Problem details: Without pictures, return the lines from the one containing "Lastras Del Pozo to Redueña map" through the last line of the data below, exactly.
Material provided Start Marker
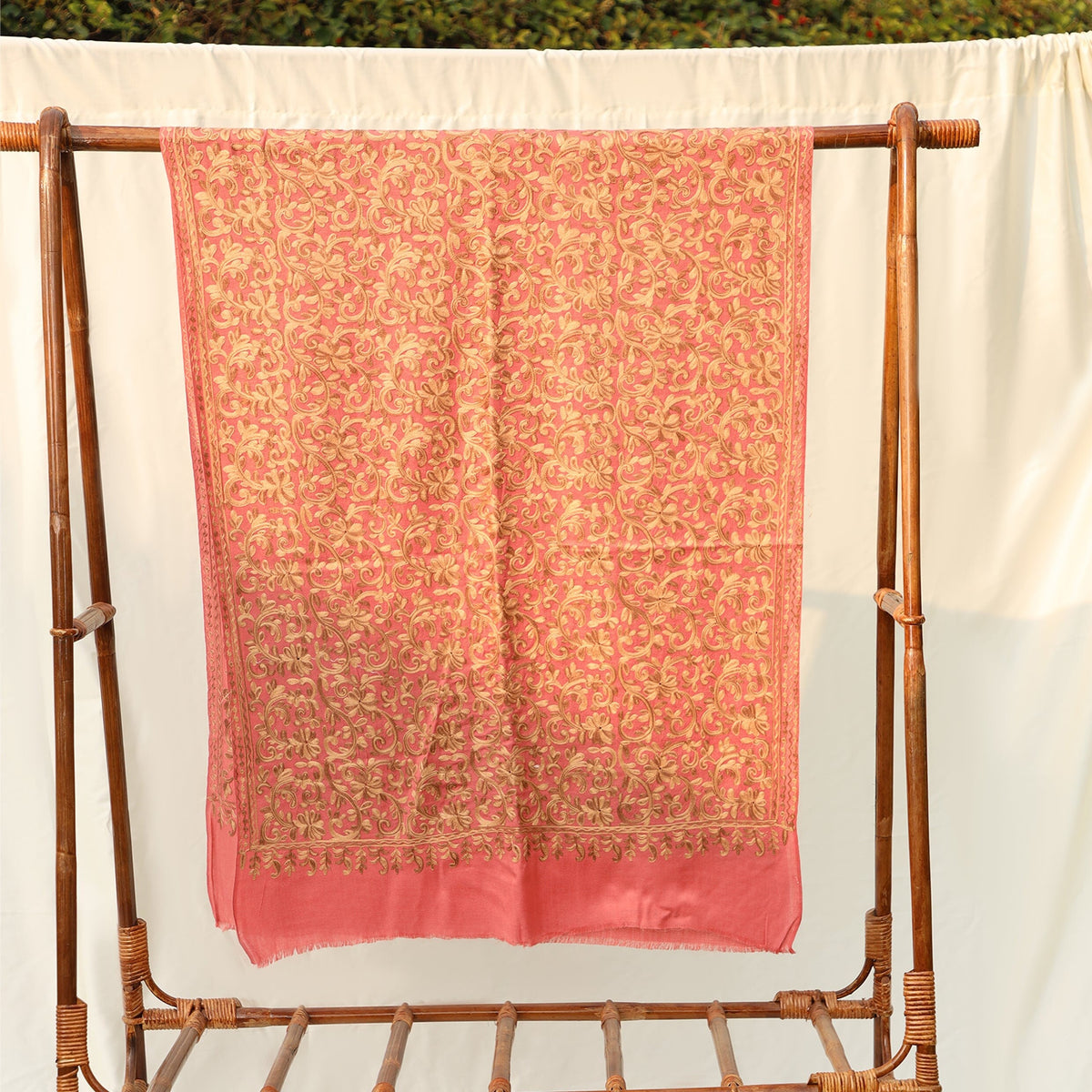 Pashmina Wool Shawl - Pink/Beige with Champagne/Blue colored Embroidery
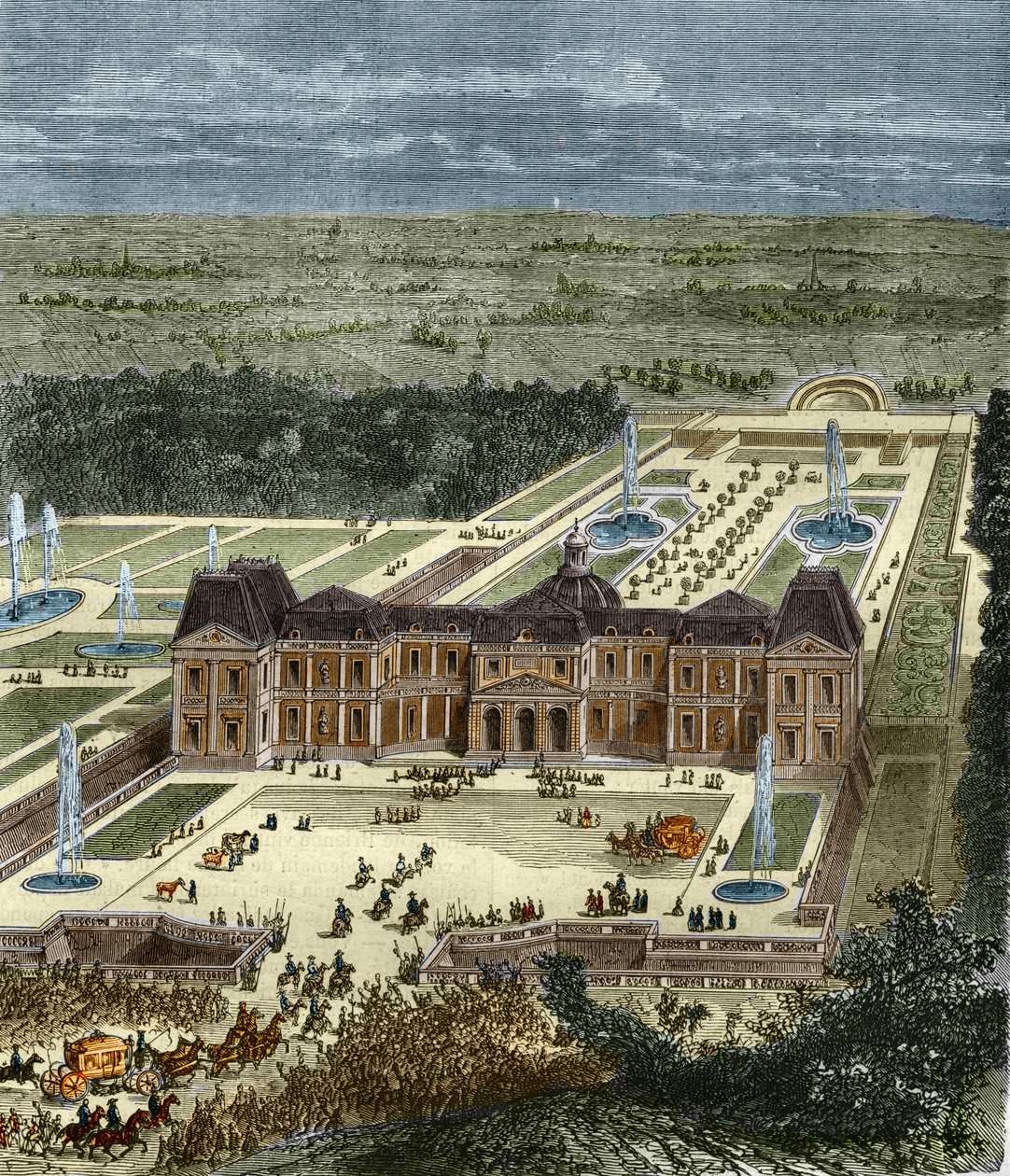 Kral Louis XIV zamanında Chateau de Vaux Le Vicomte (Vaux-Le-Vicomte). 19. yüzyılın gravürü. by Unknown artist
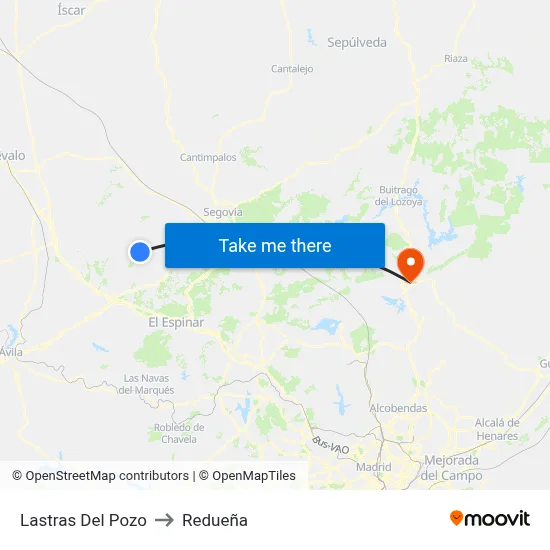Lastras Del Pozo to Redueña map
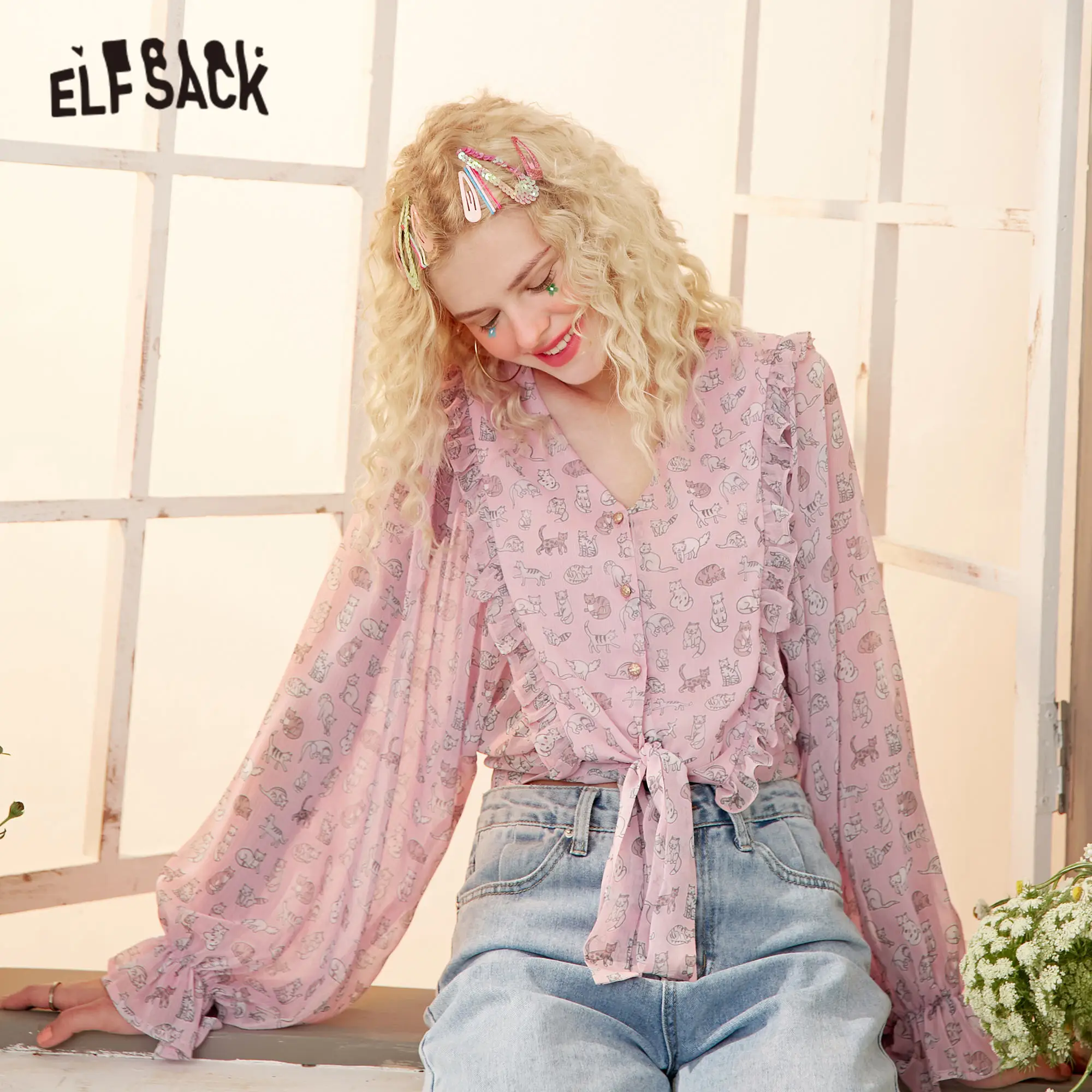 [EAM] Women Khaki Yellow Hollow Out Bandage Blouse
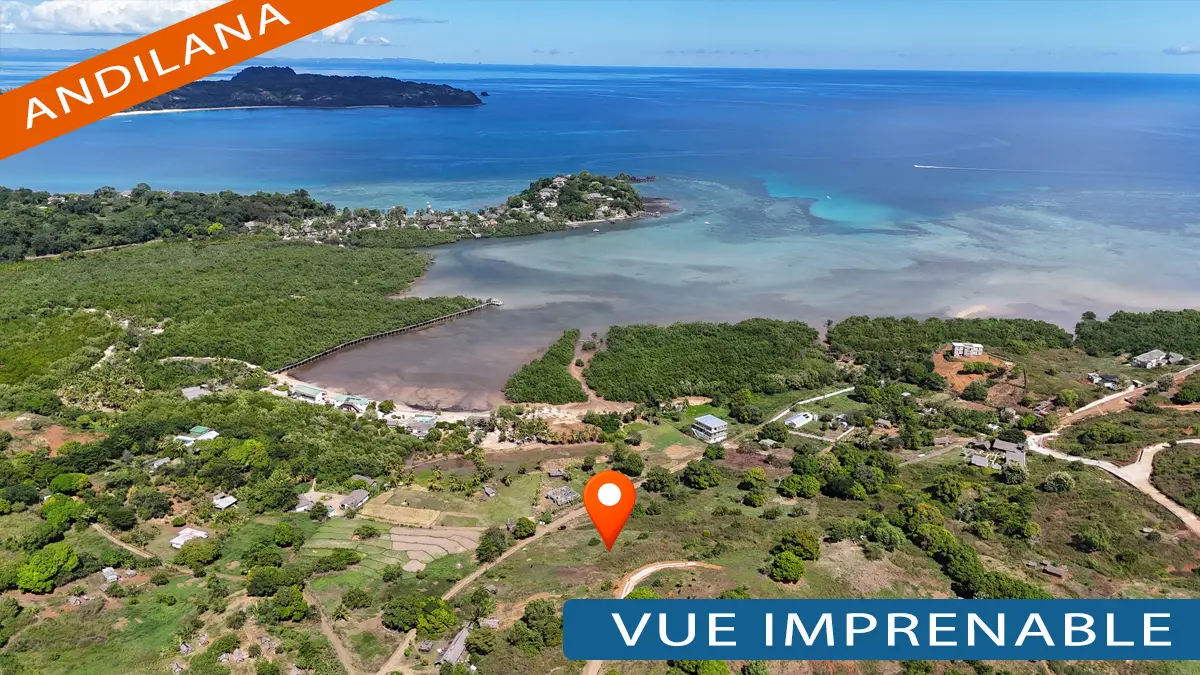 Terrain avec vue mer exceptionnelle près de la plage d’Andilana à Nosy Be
Material provided End Marker
Completed exercise:
Lastras Del Pozo to Redueña map
 [EAM] Women Khaki Yellow Hollow Out Bandage Blouse
 Terrain avec vue mer exceptionnelle près de la plage d’Andilana à Nosy Be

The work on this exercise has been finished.